Molecular Genetics of Schizosaccharomyces pombe

Prof Dr. Norbert F. Käufer
Prof. em. Dr. Herbert Gutz †13.11.2016

Our model organism Schizosaccharomyces pombe (fission yeast) has three chromosomes with a size of 5.6, 4.5 and 2.5 Mbp, respectively. The cells divide by binary fission with a doubling time of 2-4 hours. Starvation induces two haploid cells of opposite mating type to fuse and to form a zygote. The zygotes then undergo meiosis and develop into an ascus containing four spores, which are released from the ascus and grow out as haploid cell clones when nutrients are added.
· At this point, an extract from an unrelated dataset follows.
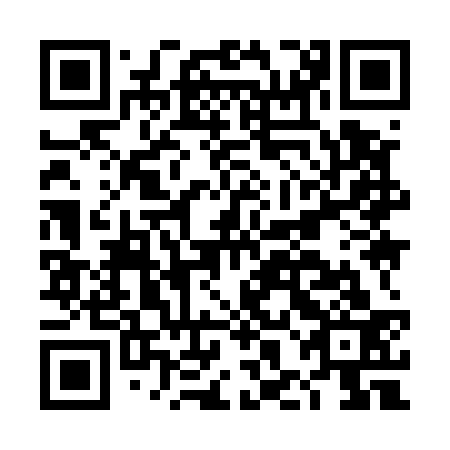 QR code for plate DHI 533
                                   The life cycle of S. pombe

The advantage of using fission yeast as an experimental system is twofold: First, the existence of powerful procedures of classical and molecular genetics as well as cytological and biochemical techniques and the availability of the complete genomic sequence (www.pombase.org). Second, the finding that many basic cellular mechanisms such as cell cycle regulation, gene expression, pre-mRNA splicing and DNA repair are closely related to mechanisms found in mammalian systems.

In our group we are interested in the process and regulation of pre-mRNA splicing in fission yeast. In eukaryotic cells pre-mRNA consists of coding (exons) and non-coding (introns) regions. The introns are removed during the splicing process, the exons are joined together and the mature mRNA is formed. The splicing reaction is catalyzed by the spliceosome, a large ribonucleoprotein complex, which recognizes the beginning and the end of an intron via their exon1/5’ -splice site, branch sequence and 3’ -splice site. There are still several open questions how this mechanism works in detail and some of these questions are addressed by our group.